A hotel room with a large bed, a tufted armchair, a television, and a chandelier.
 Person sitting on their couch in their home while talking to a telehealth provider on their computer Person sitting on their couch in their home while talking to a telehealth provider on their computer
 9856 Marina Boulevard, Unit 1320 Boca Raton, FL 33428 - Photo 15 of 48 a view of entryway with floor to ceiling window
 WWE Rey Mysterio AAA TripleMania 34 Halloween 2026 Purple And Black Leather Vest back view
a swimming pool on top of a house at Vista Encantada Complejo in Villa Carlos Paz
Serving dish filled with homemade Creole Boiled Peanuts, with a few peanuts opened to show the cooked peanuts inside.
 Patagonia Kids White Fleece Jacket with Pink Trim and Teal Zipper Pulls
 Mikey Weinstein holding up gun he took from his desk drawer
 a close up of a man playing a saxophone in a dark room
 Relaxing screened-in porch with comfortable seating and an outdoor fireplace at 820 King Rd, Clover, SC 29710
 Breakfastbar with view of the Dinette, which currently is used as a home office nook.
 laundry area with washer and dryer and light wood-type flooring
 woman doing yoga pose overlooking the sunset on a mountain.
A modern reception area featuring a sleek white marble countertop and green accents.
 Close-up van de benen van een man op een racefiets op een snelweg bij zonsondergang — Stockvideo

### YOUR OBJECTIVE:
Every entry is to be transcribed exactly as it stands.

### ANSWER BELOW:
A hotel room with a large bed, a tufted armchair, a television, and a chandelier.
 Person sitting on their couch in their home while talking to a telehealth provider on their computer Person sitting on their couch in their home while talking to a telehealth provider on their computer
 9856 Marina Boulevard, Unit 1320 Boca Raton, FL 33428 - Photo 15 of 48 a view of entryway with floor to ceiling window
 WWE Rey Mysterio AAA TripleMania 34 Halloween 2026 Purple And Black Leather Vest back view
a swimming pool on top of a house at Vista Encantada Complejo in Villa Carlos Paz
Serving dish filled with homemade Creole Boiled Peanuts, with a few peanuts opened to show the cooked peanuts inside.
 Patagonia Kids White Fleece Jacket with Pink Trim and Teal Zipper Pulls
 Mikey Weinstein holding up gun he took from his desk drawer
 a close up of a man playing a saxophone in a dark room
 Relaxing screened-in porch with comfortable seating and an outdoor fireplace at 820 King Rd, Clover, SC 29710
 Breakfastbar with view of the Dinette, which currently is used as a home office nook.
 laundry area with washer and dryer and light wood-type flooring
 woman doing yoga pose overlooking the sunset on a mountain.
A modern reception area featuring a sleek white marble countertop and green accents.
 Close-up van de benen van een man op een racefiets op een snelweg bij zonsondergang — Stockvideo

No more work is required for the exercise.